### DATA FOR PROCESSING ###
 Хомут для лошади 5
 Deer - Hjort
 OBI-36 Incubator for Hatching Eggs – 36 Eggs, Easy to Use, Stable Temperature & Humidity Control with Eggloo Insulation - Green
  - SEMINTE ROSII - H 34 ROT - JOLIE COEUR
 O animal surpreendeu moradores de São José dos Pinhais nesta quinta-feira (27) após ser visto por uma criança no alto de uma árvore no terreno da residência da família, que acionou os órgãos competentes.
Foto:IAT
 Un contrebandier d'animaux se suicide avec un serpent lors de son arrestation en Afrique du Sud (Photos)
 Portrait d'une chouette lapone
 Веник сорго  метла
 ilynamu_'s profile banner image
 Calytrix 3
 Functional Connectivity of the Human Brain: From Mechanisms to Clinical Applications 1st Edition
###
### DATA FOR PROCESSING ###
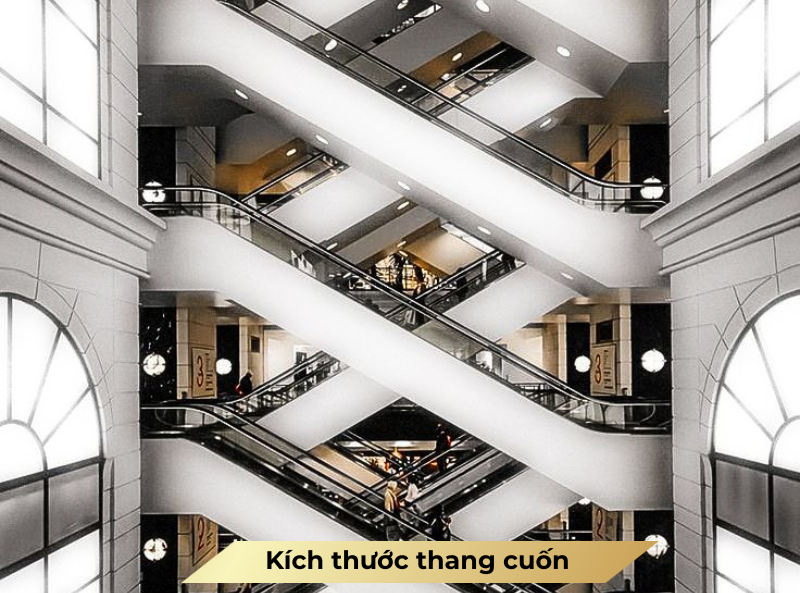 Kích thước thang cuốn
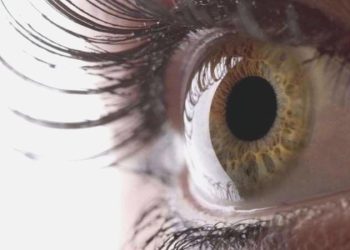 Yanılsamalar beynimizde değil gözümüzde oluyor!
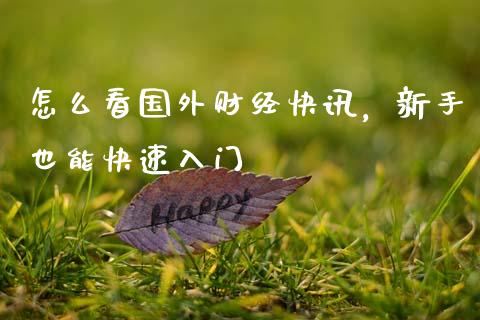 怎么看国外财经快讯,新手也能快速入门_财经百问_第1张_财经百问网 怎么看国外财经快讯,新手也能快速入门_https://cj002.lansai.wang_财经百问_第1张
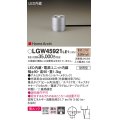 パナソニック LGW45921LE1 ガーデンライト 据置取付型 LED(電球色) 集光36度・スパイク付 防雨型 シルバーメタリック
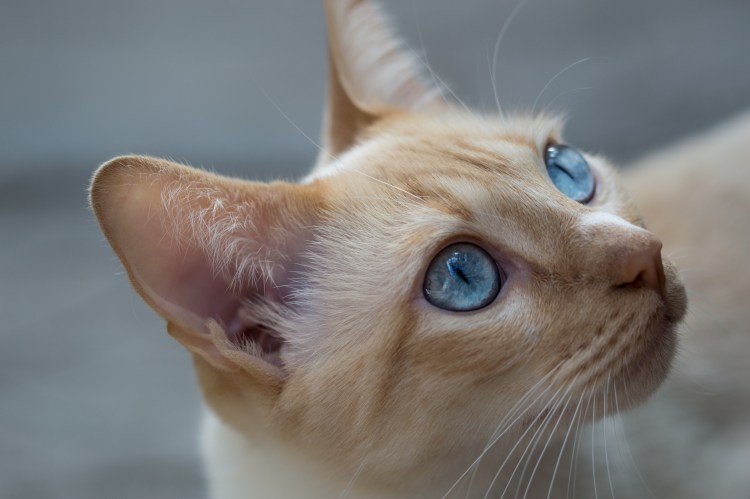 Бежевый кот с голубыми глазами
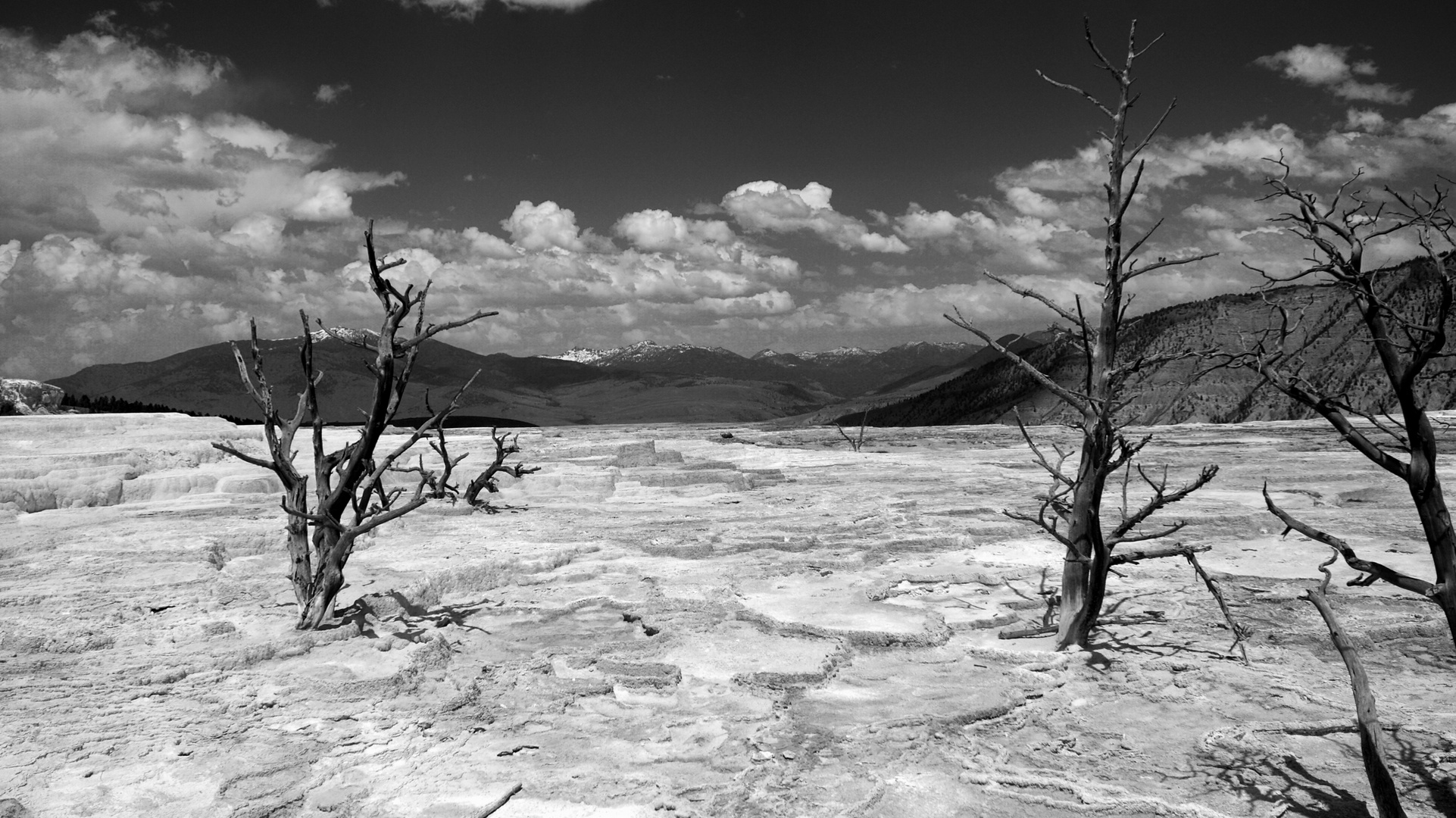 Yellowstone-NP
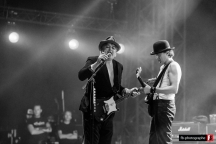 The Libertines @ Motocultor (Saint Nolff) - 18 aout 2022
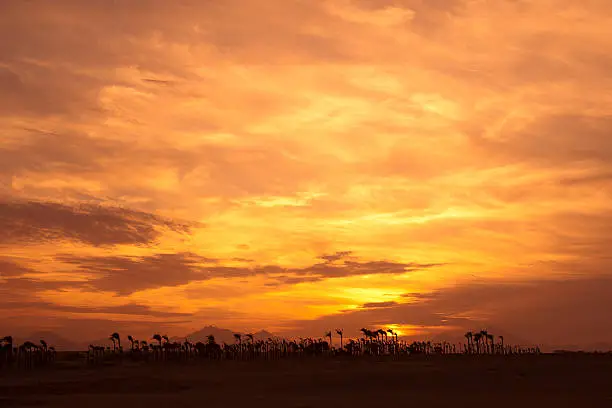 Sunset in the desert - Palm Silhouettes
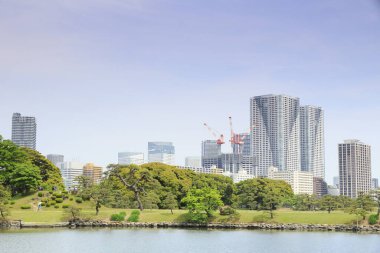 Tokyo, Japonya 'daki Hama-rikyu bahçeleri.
###
• **WHAT YOU ARE ASKED TO DO**: Among the records above, repeat exactly the line with "Хомут для лошади 5", the line with "- SEMINTE ROSII - H 34 ROT - JOLIE COEUR", and every line in between, and only those.

• **REPLY TO THE TASK**:
 Хомут для лошади 5
 Deer - Hjort
 OBI-36 Incubator for Hatching Eggs – 36 Eggs, Easy to Use, Stable Temperature & Humidity Control with Eggloo Insulation - Green
  - SEMINTE ROSII - H 34 ROT - JOLIE COEUR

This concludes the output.